Your task is to print, exactly and only, the lines from the start of the entries below through the line with "Terină de orez". Include both ends, but skip the pictures.

(Records contained in a dataset)
==============================
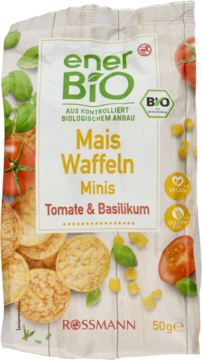 Białe opakowanie enerBiO mini wafli kukurydzianych o smaku pomidorów i bazylii, z logo BIO, otoczone składnikami.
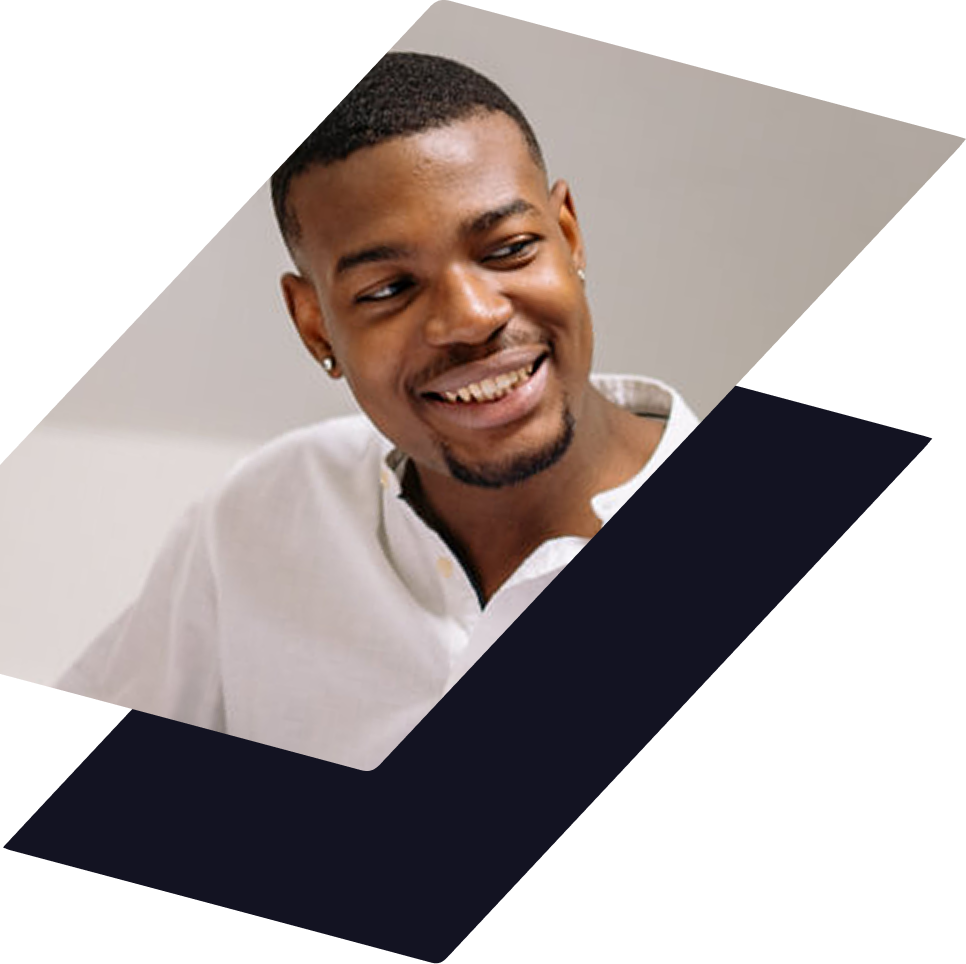 A smiling person wearing a white collared shirt, set against a geometric background of gray and dark blue.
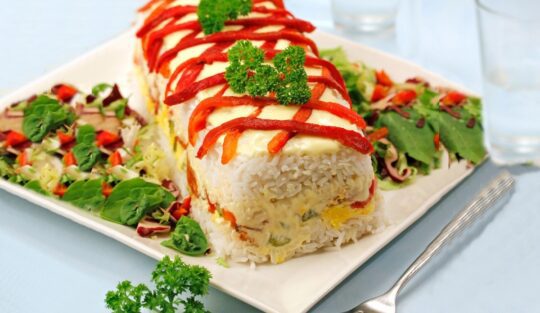 Terină de orez cu ton și ardei copți pe un platou alb, cu salată de crudități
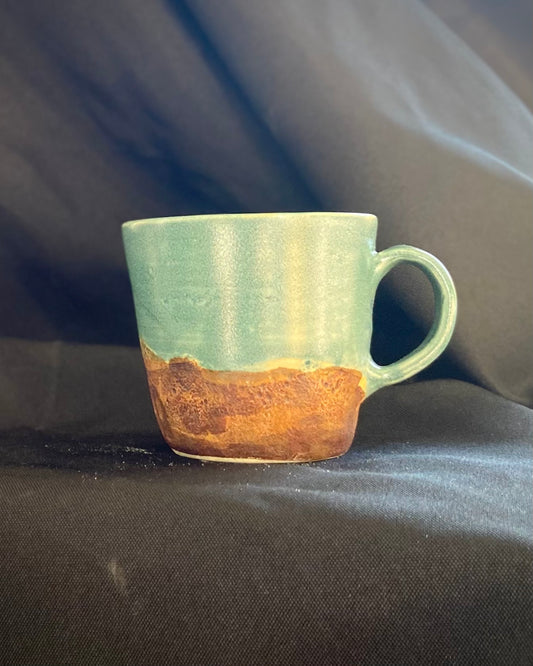 Handthrown ceramic mug, antique blue glazed with amber-iron oxide wash. Two-tone texture surface, matte and satin. Hand-textured rugged rocky mountain landscape. Hand-pulled handle..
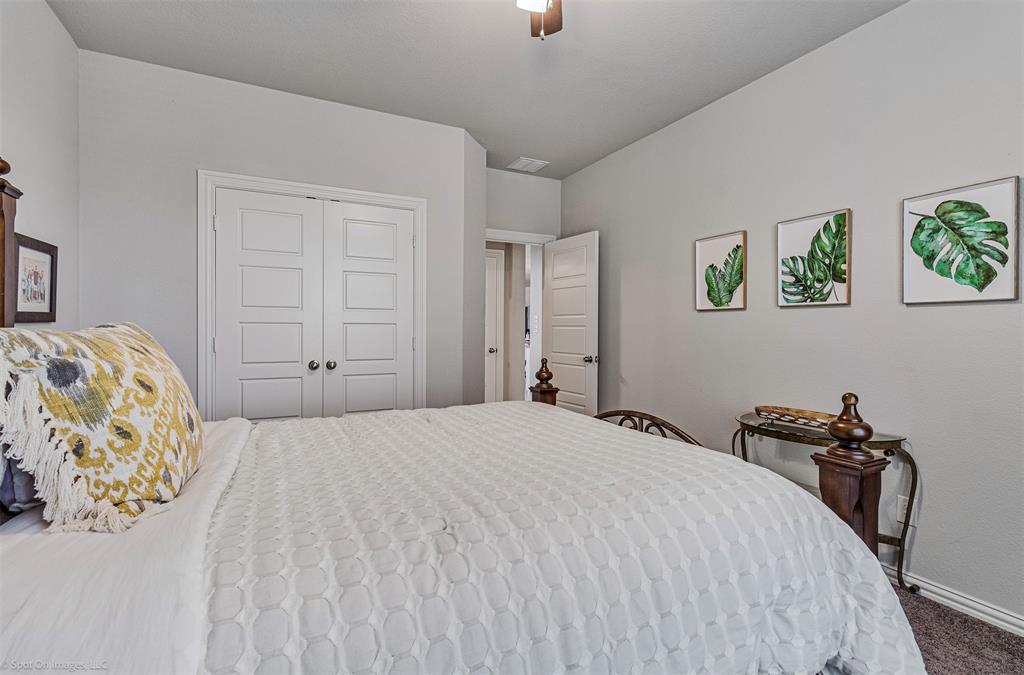 Carpeted bedroom featuring a closet and a ceiling fan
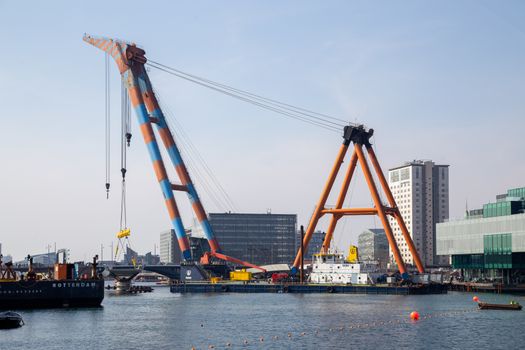 Copenhagen, Denmark - April 4, 2019: The huge Floating Crane Hebo Lift 9 installing parts for a new cycling bridge over the harbour.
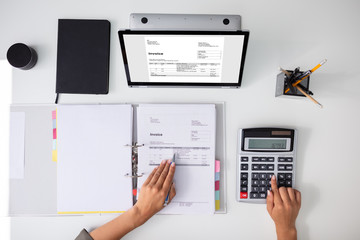 Accountant calculating tax at desk - obrazy, fototapety, plakaty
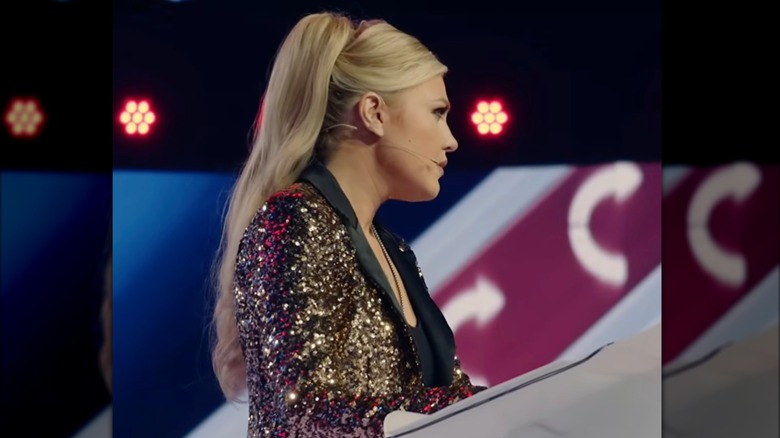 Erika Kirk gives a speech in front of a crowd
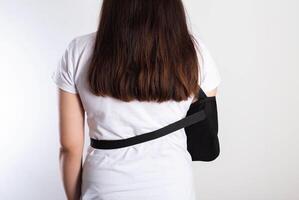 A girl on a white background with a black supporting medical bandage after a dislocation of the shoulder joint and a bone fracture. Rehabilitation after injury, orthopedics and traumatology photo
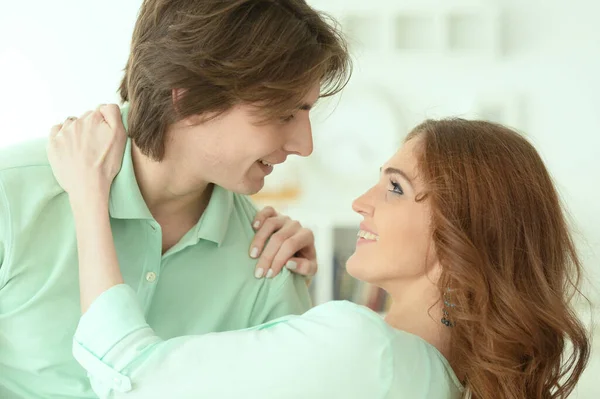 Young couple reading book — Stock Photo, Image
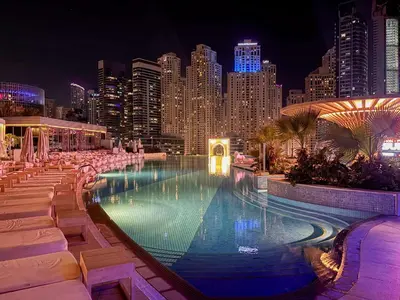 a large swimming pool with a city skyline at night at Frank Porter - Emaar Residences Dubai Marina in Dubai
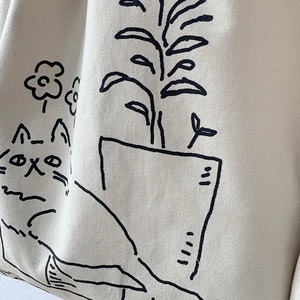 Close-up of cream canvas tote bag showing textured fabric and hand-drawn cat print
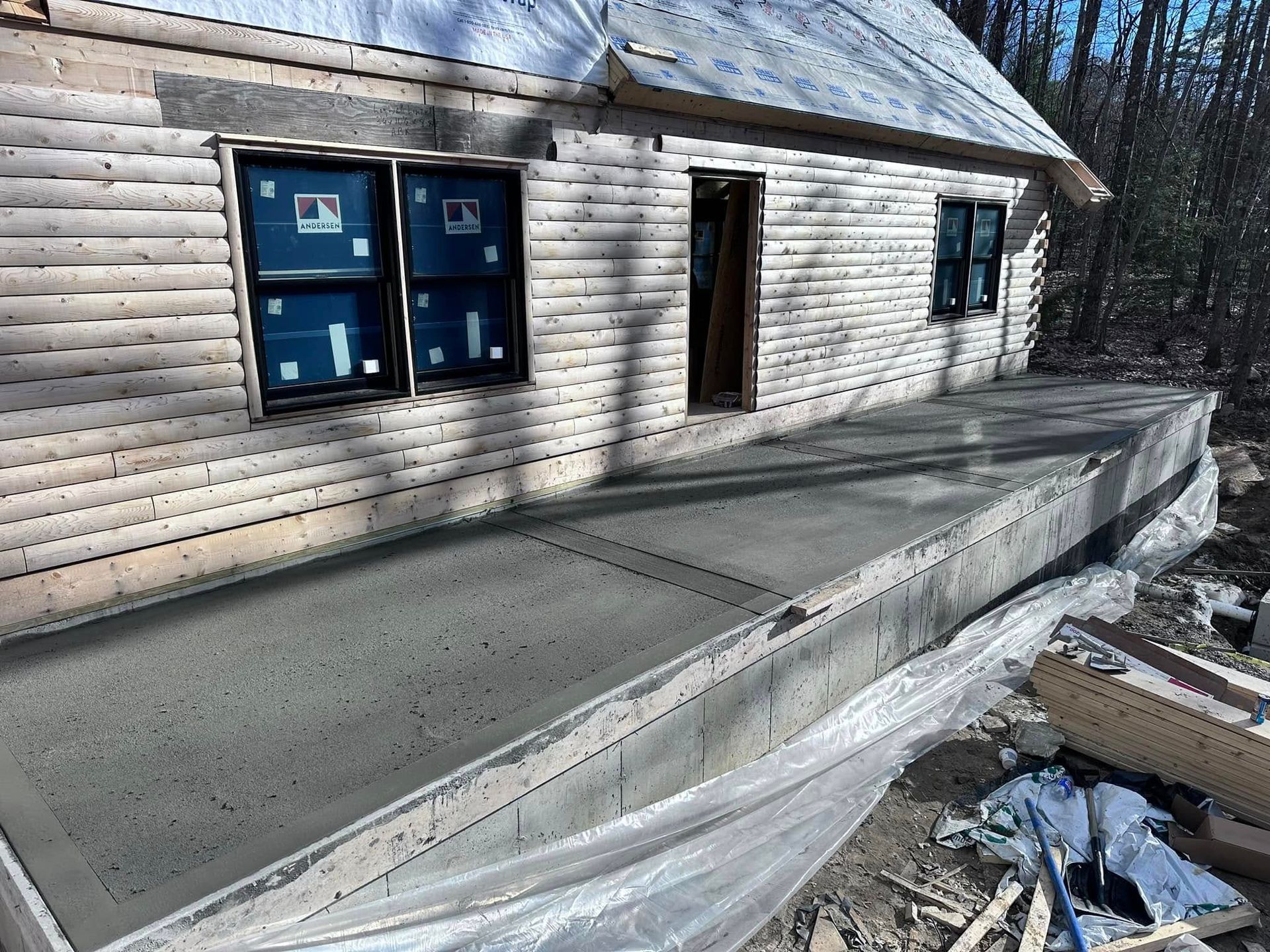A wooden house with a concrete deck in front of it.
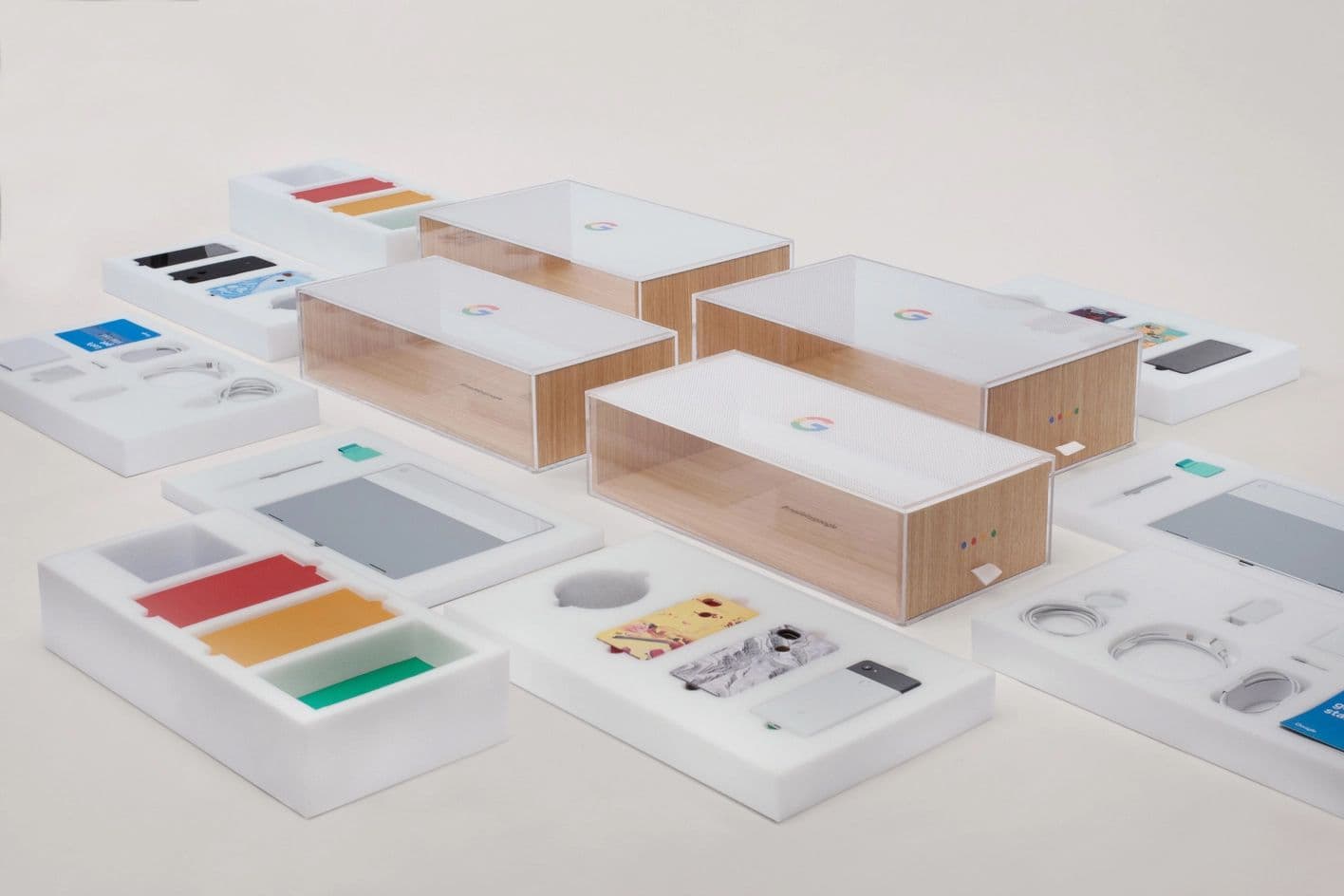 Assortment of Google device packaging in wood and frosted acrylic, alongside colorful foam accessory trays and product inserts.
==============================
> Completed task:
 Białe opakowanie enerBiO mini wafli kukurydzianych o smaku pomidorów i bazylii, z logo BIO, otoczone składnikami.
 A smiling person wearing a white collared shirt, set against a geometric background of gray and dark blue.
 Terină de orez cu ton și ardei copți pe un platou alb, cu salată de crudități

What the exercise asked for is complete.